Economy, Domestic Economy

Sanitation, Conservation Key to Improve Access to Clean Water

Sanitation, Conservation Key to Improve Access to Clean Water
Sanitation, Conservation Key to Improve Access to Clean Water

Years of drought and the lack of proper sanitation methods and an integrated wastewater treatment system have constrained access to clean water across Iran. Officials have only recently started to look actively for a solution that could prevent a major environmental crisis.

Most of Iran’s population is connected to the main water system and therefore has access to a relatively high standard of drinking water. Although this in itself is impressive, it is “marred somewhat by the fact that an incredibly low number of people are connected to the sewer network,” a recent report by the Business Monitor International has said.

The lack of a proper sewer system has caused untreated waste water to pollute drinking water supplies. Although this is a possibly dangerous problem, it has been reduced significantly in recent years through government investment. Iran is currently trying to minimize the damage done by spreading drought while simultaneously investing in hydropower, desalination and major water pipeline projects.

 Water Supply and Consumption

As a result of years of drought, Iran has been forced to become over-reliant on its groundwater reserves without allowing them ample time to be naturally replenished. This overuse has drained the reserves and even permanently damaged the levels of underground reservoirs rendering many sources completely dry or unusable.

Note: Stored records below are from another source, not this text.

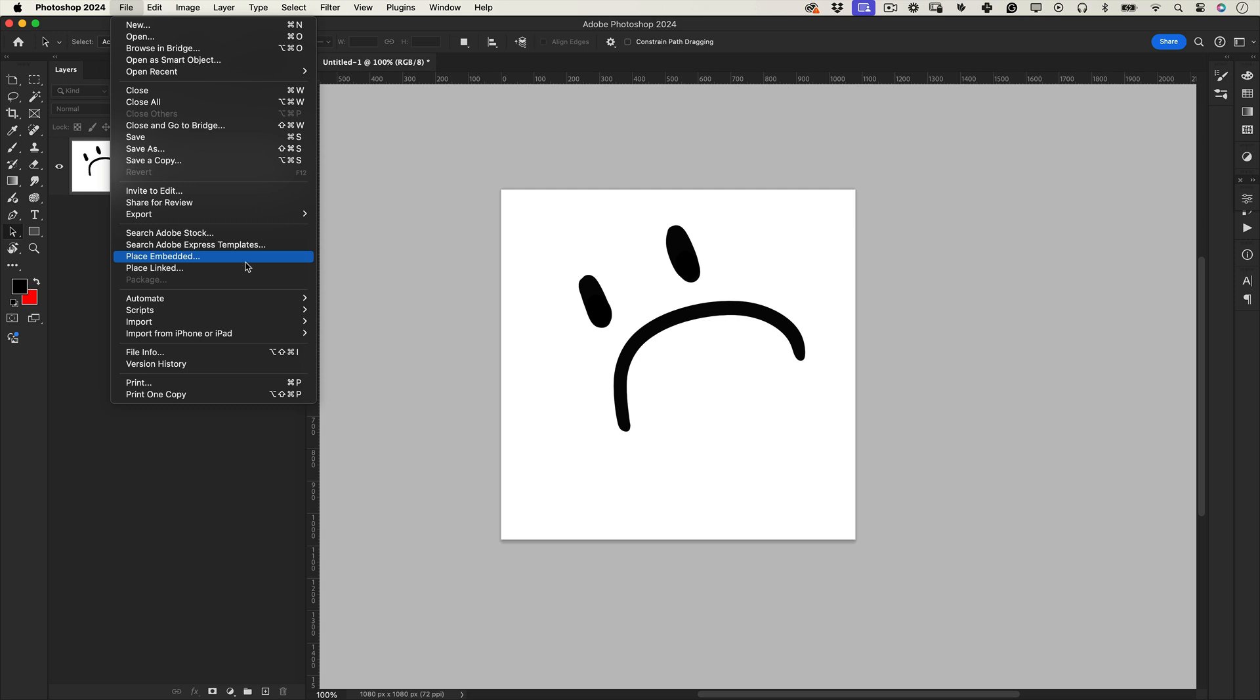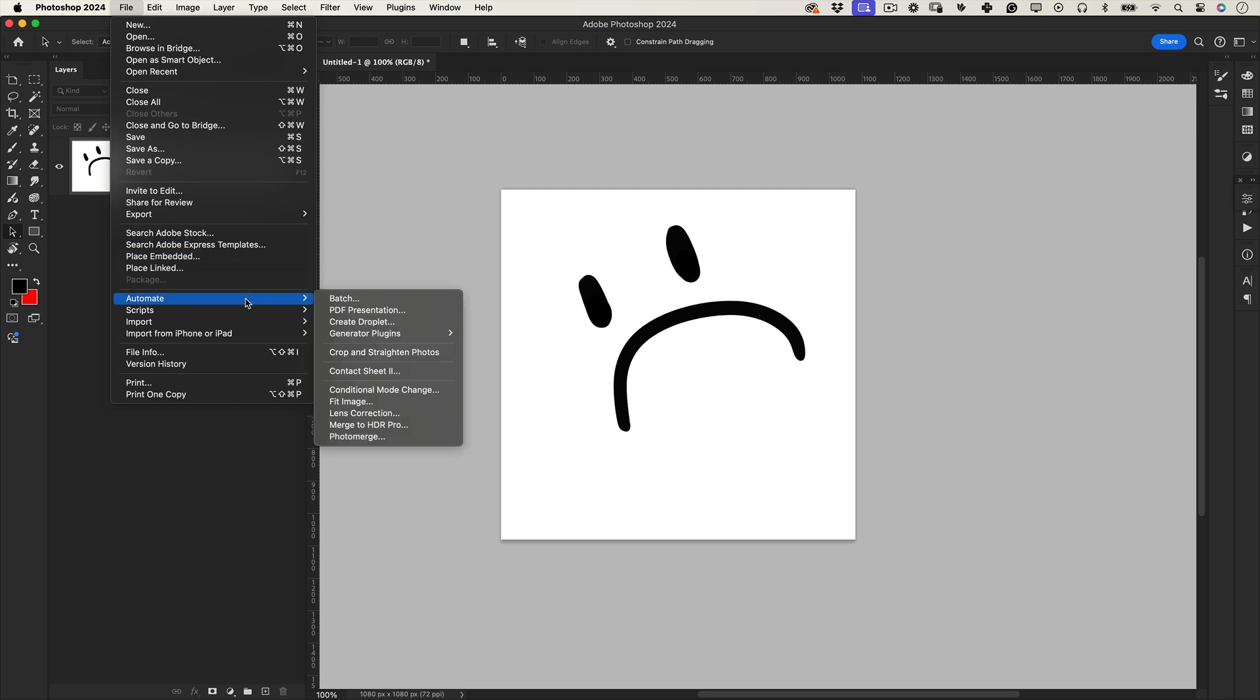Here's the quick fix: the image generator script is now located under Automate > Generator Plugin > Image Assets. If the generator plugin is grayed out, you need to activate it manually.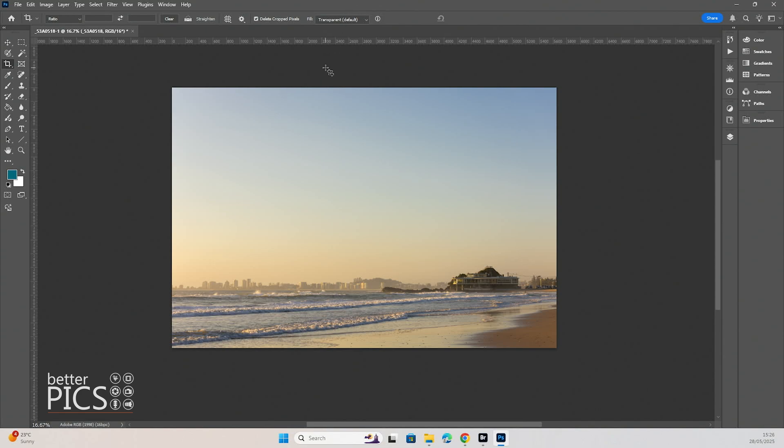The downside to this is you will lose a little bit of resolution but it obviously is really important to have horizons as straight as possible. Obviously you can make sure you've done that within camera but if not,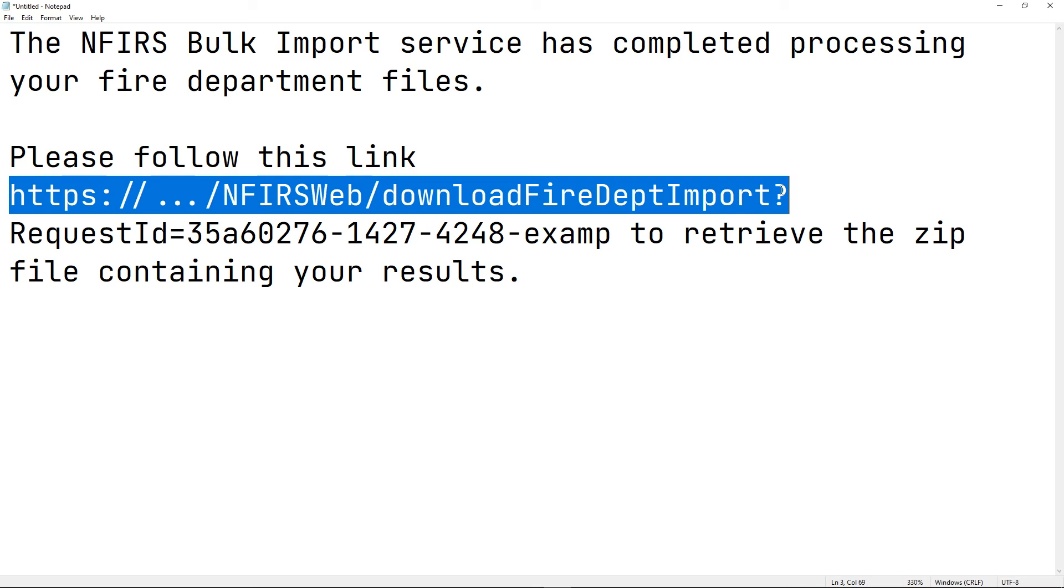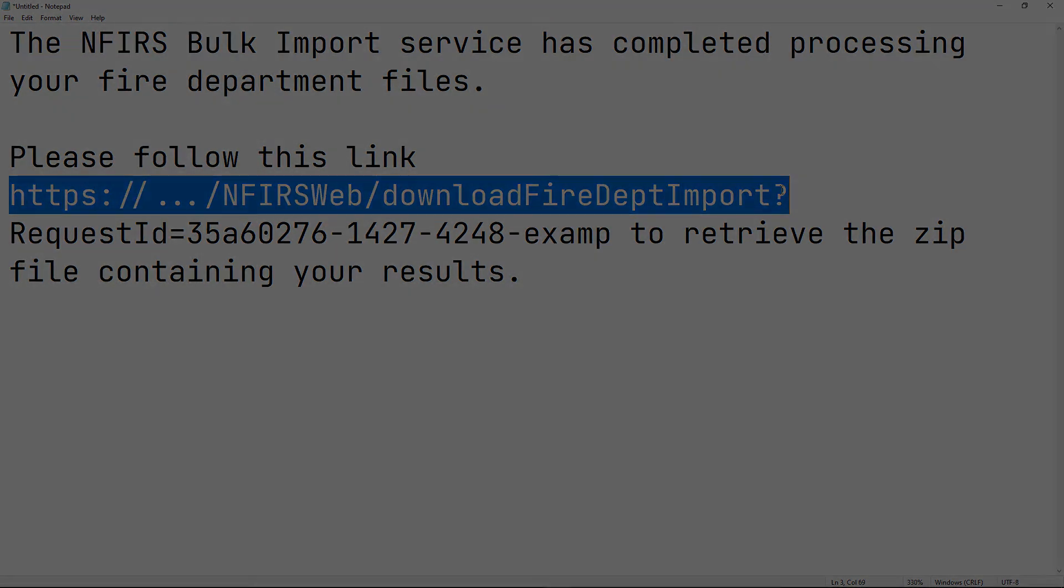The biggest difference is that the result zip file that you get after importing a fire department will say fire department instead of incident. In this video, we took a brief look into importing fire departments into the system.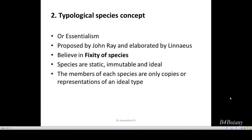The members of each species are only copies. If a species comprises 100 individuals, all 100 individuals are copies of its ideal type. So according to the typological species concept, a species has an ideal type, and the remaining members are the copies of that ideal type.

There are also certain regions where it has been predicted that the level of clean water will dramatically decline and be replaced with salty or polluted water if the remaining underground reservoirs continue to be excessively exploited. In turn, such polluted water could contaminate the remaining supplies. Where underground supplies have in the past helped Iran survive a year or two of drought, they have always been allowed to replenish naturally during the following years of higher rainfall.

In the current situation the drought seems endless and the temporary option of exploiting underground supplies will soon not be available anymore. Unfortunately, most of Iran’s underground water is also badly polluted because of lacking sanitation methods and illegally dumped agricultural waste. In some cases farmers use untreated waste as a free fertilizer for their crops.

Recent announcements that water prices are about to rise have caused dissatisfaction and even riots from an ever more cash-strapped population.The Energy Ministry has predicted that the annual volume of water available per capita would decline 25 percent over the next 20 years.

 Industries and Agriculture Water Consumption

Ninety-two percent of Iran’s water is used by the agricultural sector. On the other hand, industries use 6 percent and households only consume a tiny two percent of total consumption. Industrial water usage is relatively low as water is used efficiently and in many cases treated and re-used for various demands.

Leakages, low tariffs and inefficient irrigation mean that water productivity is poor. Worldwide, the average amount of dry agricultural product produced from each cubic meter of water is 2 .1kg, whereas in Iran the same amount of water produces only 0.5kg.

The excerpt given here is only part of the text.